The number of so-called “patient-centered” practices is growing, the newspaper said, because doctors find they can spend twice as much time with patients and cut their overhead by as much as half by using new technologies and avoiding the red tape of filing insurance claims.
One Seattle physician charges her patients a monthly fee of $54 to $129, based on age, and encourages them to purchase a high-deductible insurance policy for serious illnesses. She spends 30 minutes to an hour with each patient.
The doctor who runs her clinic told The Times that patients can save 15 percent to 40 percent on health care, in large part because good primary care can obviate specialty care. The clinic has two administrative employees, but it would need one or two for each of its seven doctors, he said, if they had to file claims with various insurance companies.
Direct billing for primary care is a throwback to the days when doctors made house calls, patients generally paid in cash at the time of service, and people bought insurance to cover hospitalization and extraordinary care.
But during the last half-century of medical progress, insurance plans have evolved to cover virtually every facet of care. And that appears unlikely to change as Democrats in Congress focus on reform plans that reportedly will require every American to have health insurance, purchased either by individuals, their employers or the government.
In Harrisburg, one key issue for the state budget for fiscal 2010 is a proposed expansion of government health insurance to “cover all Pennsylvanians.”
This is not to suggest that insurance isn’t a necessity, considering the price of modern medical technology.
But it’s clear that the insurance system as it exists places an administrative burden on health care providers that drives up all prices for everyone. A recent Weill Cornell Medical College study found that primary care physicians spend a third of their revenues on interactions with patients’ health plans.
Significantly cutting administrative costs means that doctors can spend more time with each patient and see fewer of them without sacrificing income. By contrast, insurance companies and the government attempt to hold down costs by limiting reimbursements. That forces doctors, in order to maintain their incomes, to see more patients, spending less time with each, and to send them to specialists for tests and consultation that might be performed in their own offices if they had more time.

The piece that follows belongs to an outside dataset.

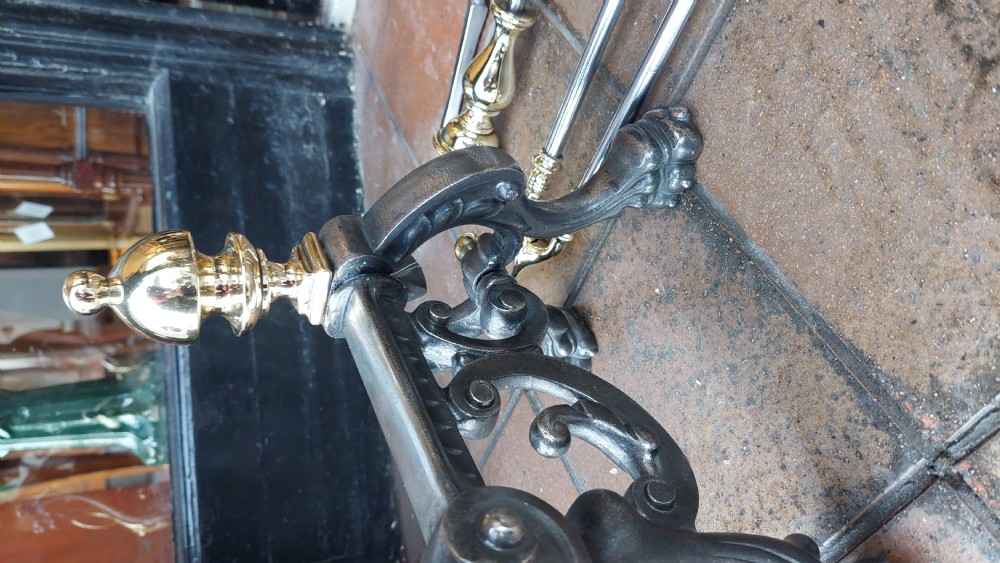 A set of Victorian hearth accessories comprising three metal fire tools resting across a pair of cast iron and brass decorated andirons. View V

While health care industry leaders recently pledged to streamline administrative processes, there remains an inherent inefficiency for doctors and other providers of having to deal with myriad insurance plans that cover various procedures at different prices. However, uniform coverage for everyone under a single-payer system, such as Canada’s, isn’t about to happen here, unless by evolution.
President Obama says any reform package will allow consumers to keep their current coverage if they’re happy with it. That presumably includes health savings accounts, which allow consumers to accumulate money tax-free and spend as they choose on health care, so long as they buy high-deductible insurance as a backstop. Patients with HSAs might choose a “direct-practice” clinic such as the one in Seattle, so long as their high-deductible policy didn’t require the clinic to charge a certain fee and submit paperwork through the insurance bureaucracy.
According to The Times, 60 percent of all bankruptcies in the United States in 2007 were driven by health care costs. This clearly is an issue that needs to be solved, and, lo and behold, some physicians appear to be pursuing one viable solution to a part of it. Any reform plan, to be successful, must support and even foster such innovation.
But a lot of people have a lot of interest in maintaining the status quo, and they have the best lobbyists money can buy plying the halls of Congress for them.
Thoughtful consumers — and providers — will need to be assertive in making their voices heard.